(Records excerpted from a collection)
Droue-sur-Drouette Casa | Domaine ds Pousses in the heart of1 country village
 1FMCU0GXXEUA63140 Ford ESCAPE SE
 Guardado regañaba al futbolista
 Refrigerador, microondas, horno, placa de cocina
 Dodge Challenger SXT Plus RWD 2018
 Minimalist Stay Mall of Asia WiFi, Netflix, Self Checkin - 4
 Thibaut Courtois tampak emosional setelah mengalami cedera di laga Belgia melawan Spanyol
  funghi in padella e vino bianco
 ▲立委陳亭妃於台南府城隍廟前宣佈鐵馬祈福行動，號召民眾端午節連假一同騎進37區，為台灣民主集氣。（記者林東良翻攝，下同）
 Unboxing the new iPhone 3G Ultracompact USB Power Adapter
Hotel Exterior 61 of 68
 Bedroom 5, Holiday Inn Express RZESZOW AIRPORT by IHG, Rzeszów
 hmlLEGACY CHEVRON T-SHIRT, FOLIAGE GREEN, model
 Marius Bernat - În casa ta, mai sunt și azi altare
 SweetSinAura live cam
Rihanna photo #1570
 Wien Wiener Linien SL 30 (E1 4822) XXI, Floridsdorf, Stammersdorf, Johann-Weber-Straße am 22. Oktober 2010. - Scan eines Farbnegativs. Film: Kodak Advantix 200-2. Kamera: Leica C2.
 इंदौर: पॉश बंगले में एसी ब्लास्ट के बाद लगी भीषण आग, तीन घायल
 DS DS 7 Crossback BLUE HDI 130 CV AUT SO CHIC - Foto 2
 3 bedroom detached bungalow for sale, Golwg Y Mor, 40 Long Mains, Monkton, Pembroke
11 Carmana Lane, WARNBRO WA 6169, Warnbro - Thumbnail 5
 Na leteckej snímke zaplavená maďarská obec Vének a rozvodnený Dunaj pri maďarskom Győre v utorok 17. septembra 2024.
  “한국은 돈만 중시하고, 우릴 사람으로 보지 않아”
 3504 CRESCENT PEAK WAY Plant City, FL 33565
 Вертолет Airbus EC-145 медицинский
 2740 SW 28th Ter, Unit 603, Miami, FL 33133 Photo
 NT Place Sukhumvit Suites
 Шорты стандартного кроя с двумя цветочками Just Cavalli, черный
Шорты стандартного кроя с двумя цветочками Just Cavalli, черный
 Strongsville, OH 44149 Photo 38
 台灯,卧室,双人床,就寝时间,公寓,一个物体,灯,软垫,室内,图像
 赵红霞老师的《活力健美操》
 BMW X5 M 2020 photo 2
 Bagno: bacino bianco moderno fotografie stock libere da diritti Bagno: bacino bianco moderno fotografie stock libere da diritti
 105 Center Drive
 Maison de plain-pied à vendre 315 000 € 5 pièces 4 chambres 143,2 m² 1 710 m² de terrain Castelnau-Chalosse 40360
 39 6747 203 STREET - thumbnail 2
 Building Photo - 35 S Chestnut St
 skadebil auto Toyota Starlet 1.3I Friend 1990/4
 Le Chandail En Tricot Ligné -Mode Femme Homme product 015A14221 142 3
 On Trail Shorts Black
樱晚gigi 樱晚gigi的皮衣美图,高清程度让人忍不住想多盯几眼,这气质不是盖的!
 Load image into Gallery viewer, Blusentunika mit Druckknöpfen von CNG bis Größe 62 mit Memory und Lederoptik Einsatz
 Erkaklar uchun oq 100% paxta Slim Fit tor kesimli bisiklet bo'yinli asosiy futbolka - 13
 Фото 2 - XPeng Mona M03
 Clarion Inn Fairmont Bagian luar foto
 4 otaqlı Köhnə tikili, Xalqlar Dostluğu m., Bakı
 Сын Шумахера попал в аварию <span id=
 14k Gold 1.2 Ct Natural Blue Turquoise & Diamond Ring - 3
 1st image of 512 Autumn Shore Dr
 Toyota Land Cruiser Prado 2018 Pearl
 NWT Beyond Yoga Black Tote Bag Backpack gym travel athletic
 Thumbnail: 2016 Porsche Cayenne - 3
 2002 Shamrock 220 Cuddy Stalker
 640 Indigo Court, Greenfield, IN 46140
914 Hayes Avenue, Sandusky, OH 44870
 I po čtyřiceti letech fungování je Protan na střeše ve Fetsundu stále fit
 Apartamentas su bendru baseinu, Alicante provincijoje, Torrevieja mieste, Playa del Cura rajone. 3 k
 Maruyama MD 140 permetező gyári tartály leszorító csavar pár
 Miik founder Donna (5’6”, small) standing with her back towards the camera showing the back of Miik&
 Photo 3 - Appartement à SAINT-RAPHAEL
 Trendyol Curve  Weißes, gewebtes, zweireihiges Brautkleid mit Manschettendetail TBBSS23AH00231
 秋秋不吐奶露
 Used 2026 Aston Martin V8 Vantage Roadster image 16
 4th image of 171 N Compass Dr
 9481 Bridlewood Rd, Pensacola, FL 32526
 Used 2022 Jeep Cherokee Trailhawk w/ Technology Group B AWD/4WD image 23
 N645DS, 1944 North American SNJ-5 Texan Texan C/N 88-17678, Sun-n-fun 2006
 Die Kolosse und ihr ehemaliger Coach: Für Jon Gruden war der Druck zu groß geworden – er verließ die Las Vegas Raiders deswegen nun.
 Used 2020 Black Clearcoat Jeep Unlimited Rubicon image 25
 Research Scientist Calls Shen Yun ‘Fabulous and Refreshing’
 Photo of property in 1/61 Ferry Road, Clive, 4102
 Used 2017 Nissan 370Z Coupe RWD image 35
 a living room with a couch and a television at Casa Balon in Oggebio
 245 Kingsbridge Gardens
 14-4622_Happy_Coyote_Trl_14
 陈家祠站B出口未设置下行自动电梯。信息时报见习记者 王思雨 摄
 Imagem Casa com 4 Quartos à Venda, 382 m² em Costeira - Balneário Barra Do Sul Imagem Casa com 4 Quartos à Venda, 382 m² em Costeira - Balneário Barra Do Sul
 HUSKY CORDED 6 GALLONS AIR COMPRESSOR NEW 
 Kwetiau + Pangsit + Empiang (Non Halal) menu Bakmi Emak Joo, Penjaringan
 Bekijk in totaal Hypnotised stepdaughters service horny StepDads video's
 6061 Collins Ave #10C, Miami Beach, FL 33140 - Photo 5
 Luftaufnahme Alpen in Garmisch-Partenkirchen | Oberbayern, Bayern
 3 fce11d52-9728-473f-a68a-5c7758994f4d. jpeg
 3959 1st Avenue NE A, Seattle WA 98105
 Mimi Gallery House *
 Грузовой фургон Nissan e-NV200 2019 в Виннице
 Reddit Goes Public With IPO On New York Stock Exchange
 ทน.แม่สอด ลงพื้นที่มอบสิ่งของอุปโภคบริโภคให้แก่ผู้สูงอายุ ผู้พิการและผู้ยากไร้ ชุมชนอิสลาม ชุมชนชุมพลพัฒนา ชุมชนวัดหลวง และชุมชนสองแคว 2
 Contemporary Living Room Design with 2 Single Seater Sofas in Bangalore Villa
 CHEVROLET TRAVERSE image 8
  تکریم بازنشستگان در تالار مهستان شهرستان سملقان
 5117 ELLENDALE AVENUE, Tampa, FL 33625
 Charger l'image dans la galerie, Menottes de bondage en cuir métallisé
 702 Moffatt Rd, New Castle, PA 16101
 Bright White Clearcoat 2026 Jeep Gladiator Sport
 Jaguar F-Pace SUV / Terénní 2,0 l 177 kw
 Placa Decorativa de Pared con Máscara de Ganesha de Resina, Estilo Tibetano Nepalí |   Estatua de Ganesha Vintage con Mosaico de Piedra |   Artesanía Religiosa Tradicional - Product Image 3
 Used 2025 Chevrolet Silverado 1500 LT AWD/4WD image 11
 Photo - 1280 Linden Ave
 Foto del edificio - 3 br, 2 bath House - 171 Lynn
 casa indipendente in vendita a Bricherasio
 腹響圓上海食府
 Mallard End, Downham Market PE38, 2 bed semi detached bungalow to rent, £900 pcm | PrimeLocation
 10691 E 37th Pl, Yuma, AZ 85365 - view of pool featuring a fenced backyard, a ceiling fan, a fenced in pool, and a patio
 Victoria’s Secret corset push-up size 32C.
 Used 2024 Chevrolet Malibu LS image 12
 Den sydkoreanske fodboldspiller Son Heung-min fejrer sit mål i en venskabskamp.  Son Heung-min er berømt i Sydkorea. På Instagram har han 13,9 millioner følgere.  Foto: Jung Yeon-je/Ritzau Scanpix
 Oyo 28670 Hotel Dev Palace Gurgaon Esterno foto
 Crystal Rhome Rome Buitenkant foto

§ **YOUR GOAL**: Give back, word for word, only the lines above from the line holding "Used 2026 Aston" to the line holding "陈家祠站B出口未设置下行自动电梯。信息时报见习记者 王思雨 摄", both included.

§ **OUTPUT FOR THIS TASK**:
 Used 2026 Aston Martin V8 Vantage Roadster image 16
 4th image of 171 N Compass Dr
 9481 Bridlewood Rd, Pensacola, FL 32526
 Used 2022 Jeep Cherokee Trailhawk w/ Technology Group B AWD/4WD image 23
 N645DS, 1944 North American SNJ-5 Texan Texan C/N 88-17678, Sun-n-fun 2006
 Die Kolosse und ihr ehemaliger Coach: Für Jon Gruden war der Druck zu groß geworden – er verließ die Las Vegas Raiders deswegen nun.
 Used 2020 Black Clearcoat Jeep Unlimited Rubicon image 25
 Research Scientist Calls Shen Yun ‘Fabulous and Refreshing’
 Photo of property in 1/61 Ferry Road, Clive, 4102
 Used 2017 Nissan 370Z Coupe RWD image 35
 a living room with a couch and a television at Casa Balon in Oggebio
 245 Kingsbridge Gardens
 14-4622_Happy_Coyote_Trl_14
 陈家祠站B出口未设置下行自动电梯。信息时报见习记者 王思雨 摄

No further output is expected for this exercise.